Rousseff is fighting to survive a political firestorm fuelled by Brazil’s worst recession since the Great Depression of the 1930s and a spiraling corruption scandal centered on state oil company Petrobras that has reached her inner circle.

The president’s opponents want her dismissed from office on charges that she manipulated budget accounts to boost public spending to boost her 2014 re-election.
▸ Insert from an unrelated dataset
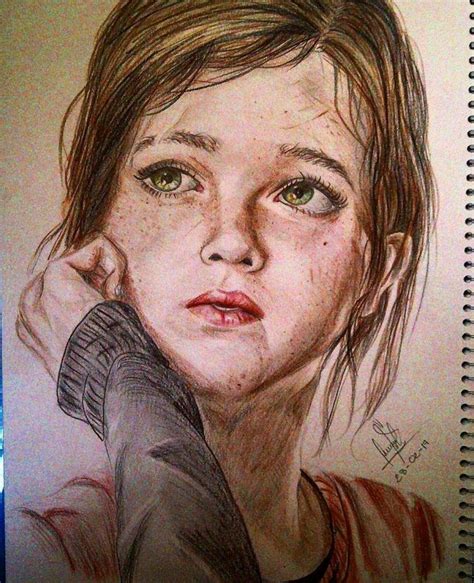 Drawing Ellie In The Game The Last Of Us Peinture Jeux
They also blame her for running Latin America’s largest economy into the ground.

In a video and a newspaper column, Rousseff – Brazil’s first female president – strongly denied she had committed an impeachable crime and called the bid to oust her “the biggest legal and political fraud” in the country’s history.

“We are facing the threat of a coup d’état, a coup without guns that uses more destructive methods like fraud and lies to try to destroy a legitimately elected government,” she wrote in yesterday’s edition of the Folha de S.Paulo newspaper.

Rousseff could become Brazil’s first president to be impeached since 1992 when Fernando Collor de Mello resigned just before imminent impeachment for corruption. The current crisis is far deeper because he had few supporters while Rousseff has the backing of working class Brazilians who have seen their quality of live improve during 13 years of Workers’ Party rule.

“If she loses and Temer takes over we will take to the streets, and we have the strength to stay there as long as necessary,” said Marco Antonio Baratto, coordinator of the MST landless peasants movement, at a rally of several thousand Rousseff supporters camped out in the parking lot of Brasilia’s football stadium.

A tired-looking Lula, the labour leader who led Brazil as president from 2003 to 2010, addressed the rally briefly with a hoarse voice and said he had to rush back to the talks with lawmakers.

Lula’s bodyguards scuffled with impeachment supporters who tried to block his motorcade returning to his hotel.

If her impeachment is approved by the lower house, the Senate must then vote on whether to go ahead with putting Rousseff on trial for disobeying budget laws. If she loses that vote, which would likely take place on May 10 or 11, Rousseff would automatically be suspended and replaced by Temer.

Temer, who would serve out Rousseff’s term until 2018 if she is found guilty by the Senate, has little popular support.